BIRMINGHAM, Ala., May 2, 2019 /PRNewswire/ -- Vulcan Materials Company (NYSE: VMC), the nation's largest producer of construction aggregates, today announced results for the quarter ended March 31, 2019.
Net earnings were $63 million and Adjusted EBITDA was $193 million in the first quarter. The 15 percent growth in Adjusted EBITDA was driven by strong aggregates shipments, up 13 percent year-over-year, and a 5.4 percent increase in aggregates pricing.
Tom Hill, Chairman and Chief Executive Officer, said, "Our first quarter results represent a good start to the year and are consistent with our full-year expectations. Broad-based shipment growth, compounding price improvements and solid operating efficiencies in our aggregates business contributed to 17 percent growth in total revenues and 29 percent growth in operating earnings. These results demonstrate the strength of our unique aggregates-centric business model.
"Aggregates segment gross profit increased from $3.66 per ton to $4.07 per ton. This double-digit improvement in first quarter unit profitability builds on last year's results, and we are well positioned for further gains in our industry-leading unit profitability.
"Our key markets are benefitting from both robust growth in public construction demand and continued growth in private demand. Leading indicators, such as construction award activity, signal broad-based shipment growth across our footprint. Aggregates pricing momentum continues to improve – consistent with our full-year expectations. As a result, we reiterate our full-year expectations for 2019 earnings from continuing operations of between $4.55 and $5.05 per diluted share and Adjusted EBITDA of between $1.250 and $1.330 billion."

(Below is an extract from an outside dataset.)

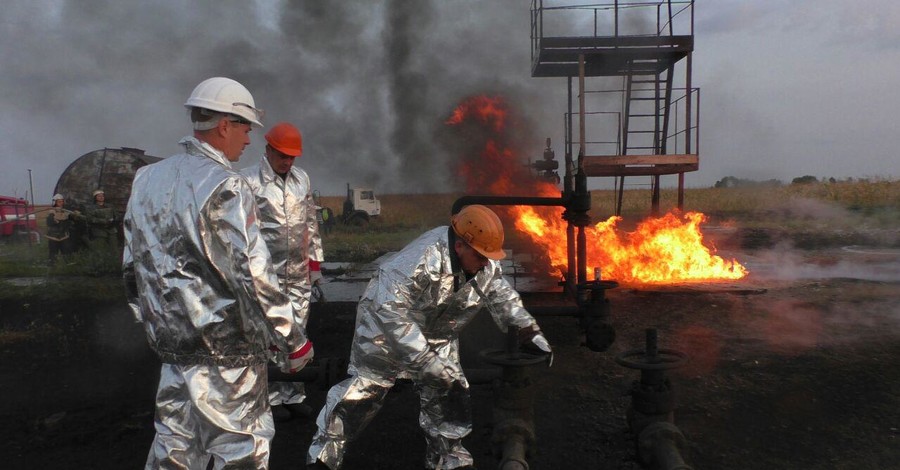 В Ромнах судят похитителей нефти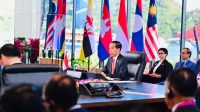Presiden Jokowi Buka KTT Ke-42 ASEAN Tahun 2023 di Labuan Bajo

First quarter and trailing twelve month highlights include:
First quarter segment gross profit increased 25 percent to $186 million, or $4.07 per ton. As a percentage of segment sales, gross profit margin expanded 100 basis points due to strong growth in shipments and price improvements.
Trailing-twelve month same-store incremental gross profit flow-through rate was 57 percent, which is in line with longer-term expectations of 60 percent. As a reminder, quarterly gross profit flow-through rates can vary widely from quarter to quarter; therefore, the Company evaluates this metric on a trailing-twelve month basis.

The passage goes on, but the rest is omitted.